Damn arrogant prosecutor
Date: Oct 4, 2007 9:56 PM
"If there's anything I want people to take away from this, it's that I don't think more guns is in any way a good thing." Richmond Commonwealth's Attorney Michael Herring
Click here: About That Shooting - Opinion - inRich.com
We harbor a great deal of sympathy for 21-year-old David Fielding, the VCU art student who was working at the Baskin-Robbins on Forest Hill Avenue in early September when a career criminal walked in with a gun to rob the place -- only three weeks after another robbery at the site. So do a lot of other people who question the decision by Richmond Commonwealth's Attorney Michael Herring to seek a charge against Fielding of reckless discharge of a firearm.

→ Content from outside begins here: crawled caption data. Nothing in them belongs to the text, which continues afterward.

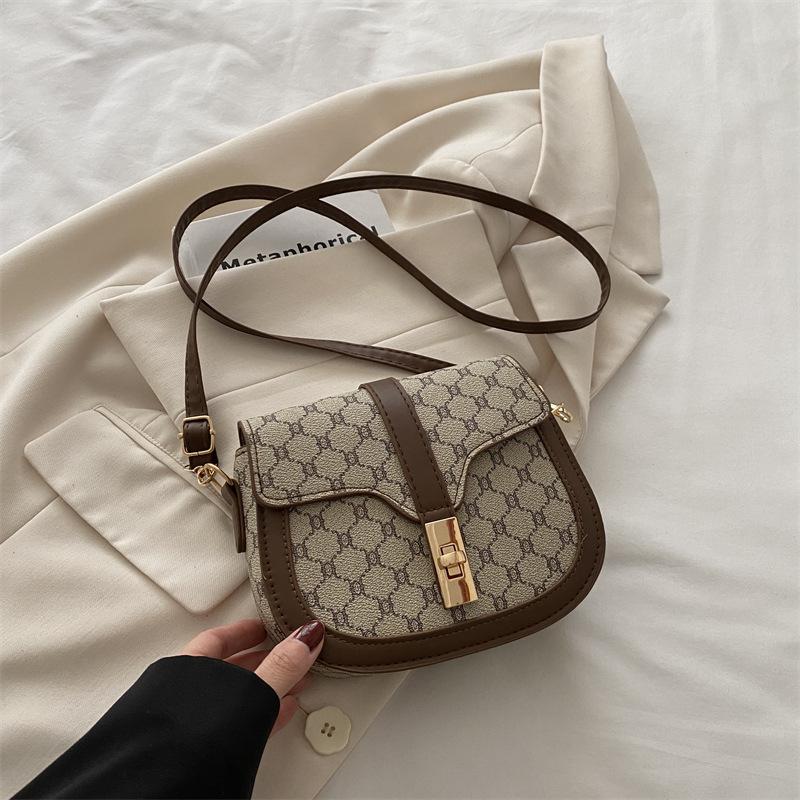 

Французская сумка женская 2025 новая высококачественная сумка через плечо в иностранном стиле популярная супер горячая сумка-седло серый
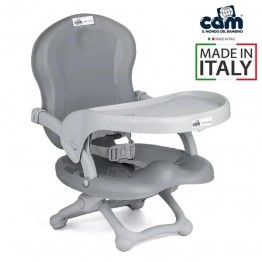 CAM 意大利 Smarty 便攜小餐椅 ( 灰色 ) 適合6個月至15kgs | 意大利製造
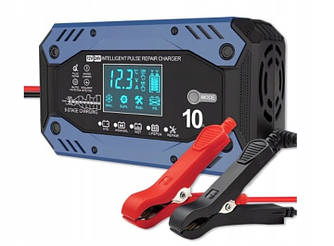 Зарядний пристрій для акумулятора Qoltec Intelligent 12-24V 10A Універсальні зарядні пристрої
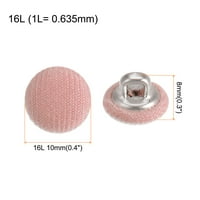 Uxcell 16L tkanina od tkanine natkriveno dugme Okrugli metalni nosač za šivanje za odijelo haljine bluze, ružičasta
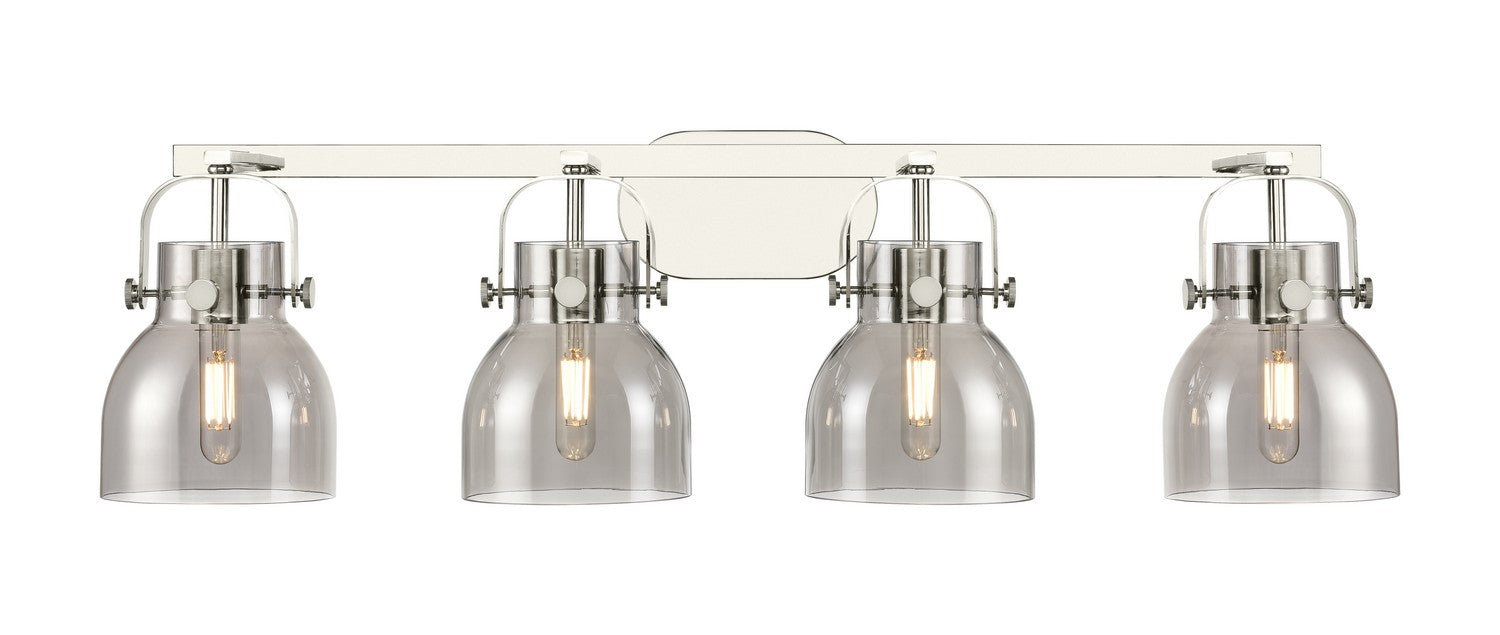 Innovations 423-4W-PN-G412-6SM LED Bath Vanity, Polished Nickel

It's easy in the calm of peaceful surroundings to second-guess Fielding's heat-of-the-moment decision to pursue the robber as he fled, and to fire shots outside the store. Someone with more firearms experience might have shown more restraint -- and the hundreds of individuals who have signed a petition in support of Fielding might feel differently if one of the bullets had killed a child.
On the other hand, the right to self-defense is inviolable, and the fault for the episode lies chiefly with the instigator, Jerome Davis -- who apparently planned his next act of violence far enough in advance to obtain a BB replica of a more powerful gun in the hope that if he were caught he might avoid the additional prison time that comes with the use of a firearm in the commission of a felony.
Scrutinizing every detail of the episode, and sorting out conflicting considerations that pertain to it, is precisely what grand juries are for. We trust and respect the judicial process.
Herring makes a decent point when he suggests robbers should find their fates in the courts, not in the streets. In a perfect world, that's what would always happen. The commonwealth's attorney stands on far shakier ground when he says, "If there's anything I want people to take away from this, it's that I don't think more guns is in any way a good thing." In Florida, Virginia, and elsewhere, violent crime has dropped after concealed-carry laws have been loosened.
Herring presumably doesn't think more guns in the right hands -- the cops' -- is a bad thing. Unfortunately, the cops can't be everywhere at once.